Two UConn faculty members, Professor Nora Berrah of the Department of Physics in the College of Liberal Arts and Sciences, and Susan Reisine, professor emerita of the School of Dental Medicine at UConn Health, have been named 2018 Fellows of the American Association for the Advancement of Science (AAAS).
The 412 AAAS Fellows selected this year were chosen for their scientifically or socially distinguished efforts to advance science and its applications.
The AAAS, publisher of the journal Science, is the world’s largest general scientific society. New Fellows will be recognized during a ceremony at the society’s February 2019 annual meeting in Washington, D.C.

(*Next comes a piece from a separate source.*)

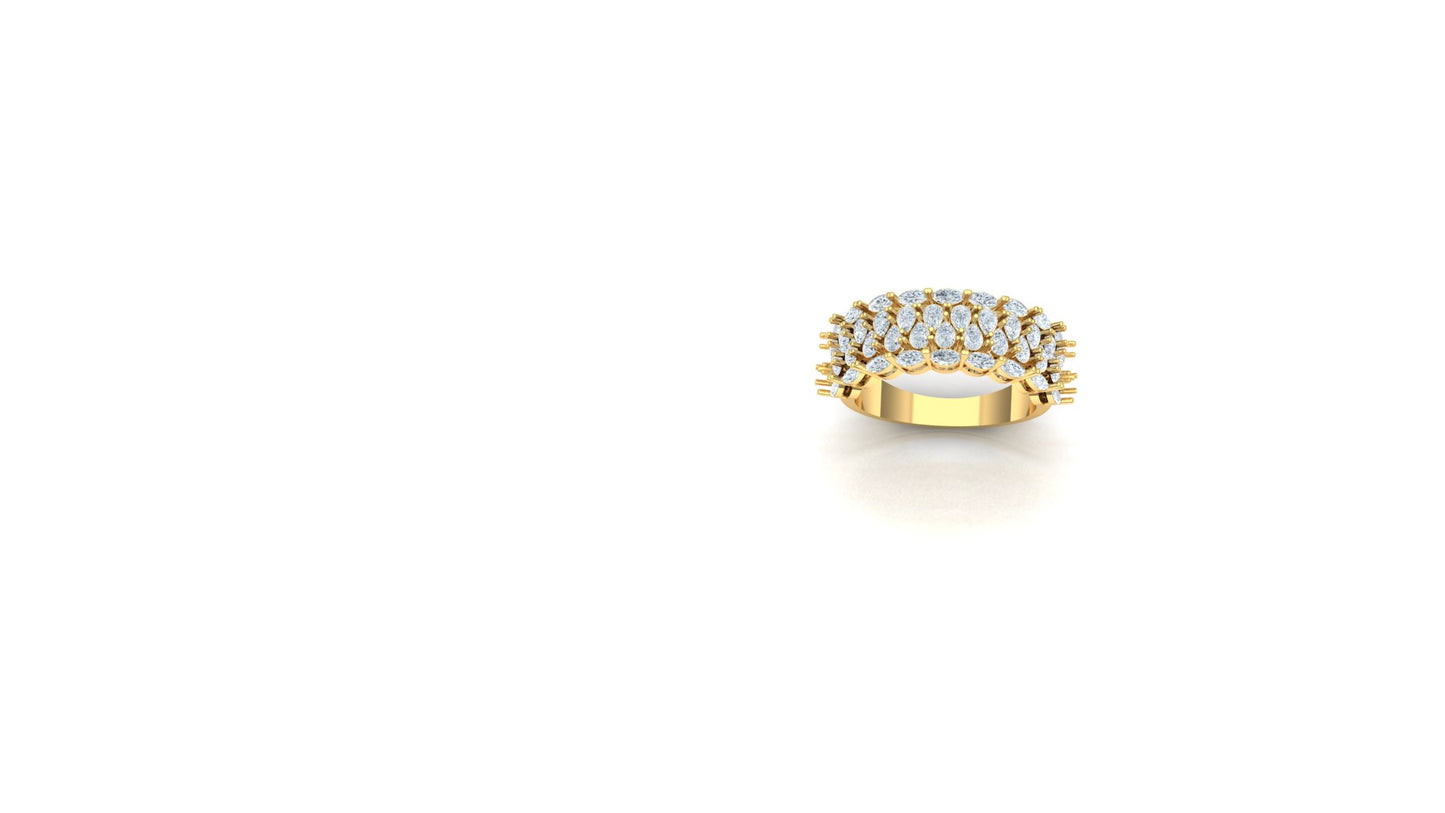 CVD Diamond Wide Tiered Floral Dome Ring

Berrah, who was head of the physics department from 2014-2018, has been recognized for her distinguished contributions to the field of molecular dynamics, particularly for pioneering non-linear science using X-ray lasers and spectroscopy using synchrotron light sources.
Using big lasers – like the Linac Coherent Light Source (LCLS) at SLAC National Laboratory on the campus of Stanford University, the most powerful X-ray laser in the world – Berrah’s research explores transformational changes occurring inside molecules when exposed to ultra-intense beams of light. In particular, they investigate physical molecular processes that occur at the femtosecond time scale: one quadrillionth, or one millionth of one billionth, of a second.

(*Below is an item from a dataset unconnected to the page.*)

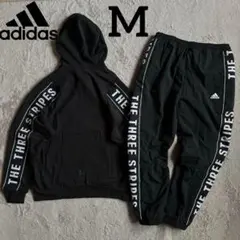 新品 ブラック adidas セットアップ パーカー ナイロンパンツ M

In some of her research, Berrah and her colleagues study thymine, a component of DNA that has an ultrafast self-protection mechanism to guard skin from sunburn. Using ultrafast table-top laser light, they excite the molecule and then probe its decay mechanism with femtosecond X-rays from the LCLS, allowing the team to measure directly the time scale of thymine’s natural sunscreen-like properties.
Berrah has also been a vocal proponent of women and underrepresented groups in physics, and in addition to her scientific talks is a frequent invited speaker at conferences on women in science around the world.
Berrah is a Fellow of the American Physical Society (APS) and the recipient of the APS’s 2014 Davisson-Germer Prize in Atomic or Surface Physics.
Reisine, the division chair of Behavioral Sciences and Community Health in the Department of Oral Health and Diagnostic Sciences from 2005 to 2014 and associate dean of research for the School of Dental Medicine from 2004 to 2014, has been recognized for her distinguished contributions to the field of psychosocial outcomes of oral disease, specifically on social functioning, quality of life and behavioral issues, and health disparities.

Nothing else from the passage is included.